Counted with the Stars
Kiya has been sold by her father to help pay off his debts. Despite serving a cruel woman, Kiya finds friendship with a compassionate slave named Shira. Shira, a Hebrew, guides Kiya down a path that will change her entire way of thinking. Kiya watches her country laid to waste as the twelve plagues strike Egypt. When Kiya learns her brother’s life is on the line, will she be able to place her faith in the Hebrews’ “invisible” god to save his life? Can she place her family’s lives in the hands of the Hebrews, the people her countrymen have enslaved for countless years?

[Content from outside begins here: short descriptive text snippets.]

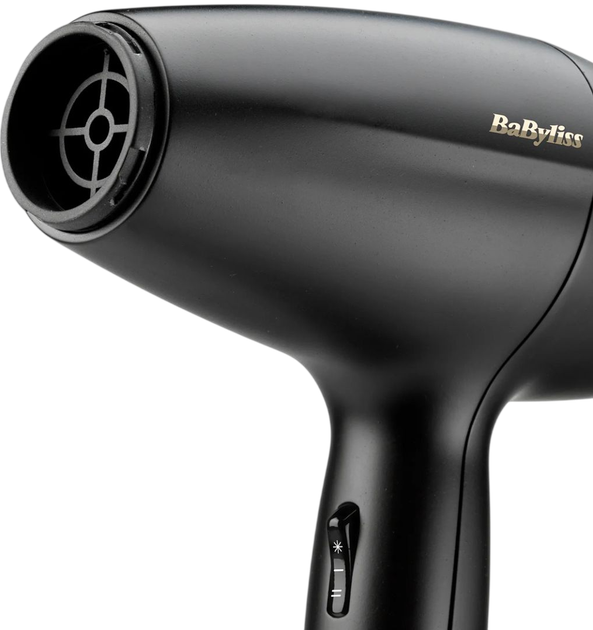 Suszarka do włosów BaByliss 6150DE - Zdjęcie 2 Suszarka do włosów BaByliss 6150DE - obraz 2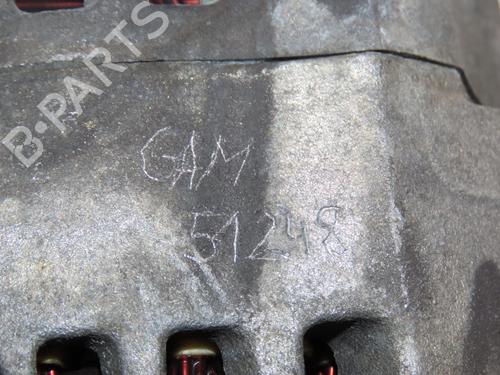 Alternator FIAT BRAVO II (198_) 1.6 D Multijet (198AXH1B) | BP26383487M7 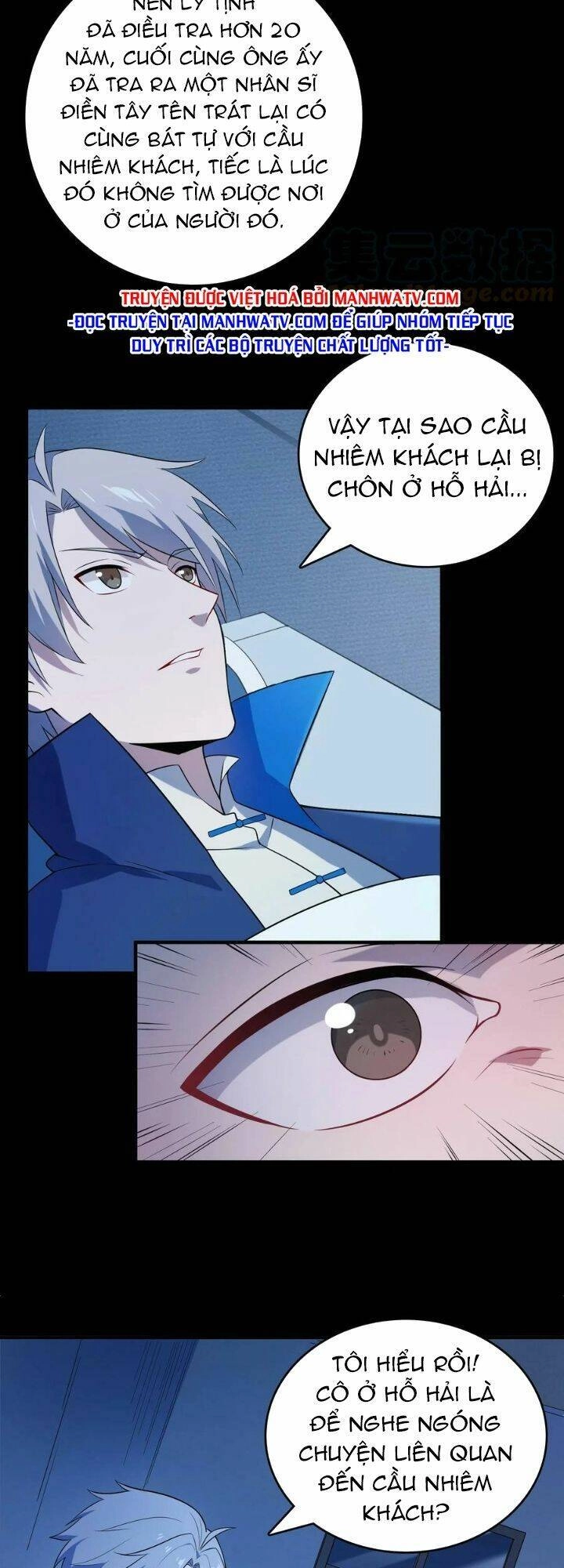 Thiên Mệnh Xa Đao Nhân Chapter 132 - 7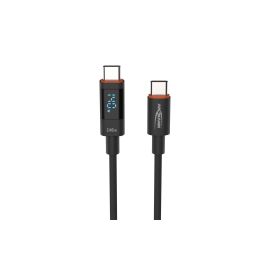 Ansmann USB-Ladekabel Typ-C auf USB Typ-C Kabel, 120 cm - FRI-GX47-003X6M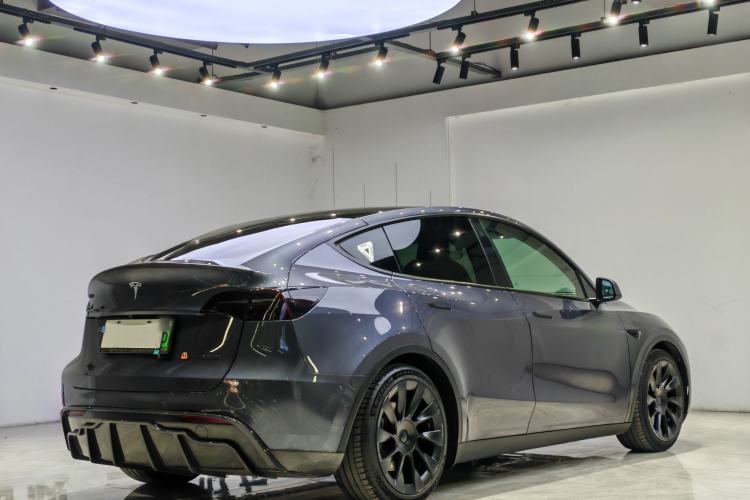 Used Tesla Model Y 2022 Revised Version Long-Range All-Wheel Drive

I loved journeying with Kiya both physically and spiritually. She faces issues that resonate today, including questions of acceptance, love, and trust. Her faith discoveries are heartfelt and emotionally weighted. The Hebrew and Egyptian characters are all great.
The plot, moving through the plagues of Egypt into the journey towards Mt. Sinai, is expertly paced. Additionally, character development and relationship-building create a strong, page-turning storyline. The miracles of Yahweh are enchanting and beautifully visualized.
While the plot is lyrical and multi-layered, sadly there are also many disappointing inaccuracies during the chapters set in ancient Egypt. For example: Thebes should be called Waset (“Thebes” was a Greek name for the Egyptian city); ice was not even a concept there (they did not have frozen water, so Kiya should not feel ice in her veins); an inch is not an ancient Egyptian unit of measure; and the brain was considered useless matter. Egyptians believed all thoughts and emotions came from the heart, so Kiya would never have referred to the truth being hidden in her brain/mind.
Despite these errors, I relished this book. I would recommend the book, particularly for lovers of Biblical history, but with the reservations listed above.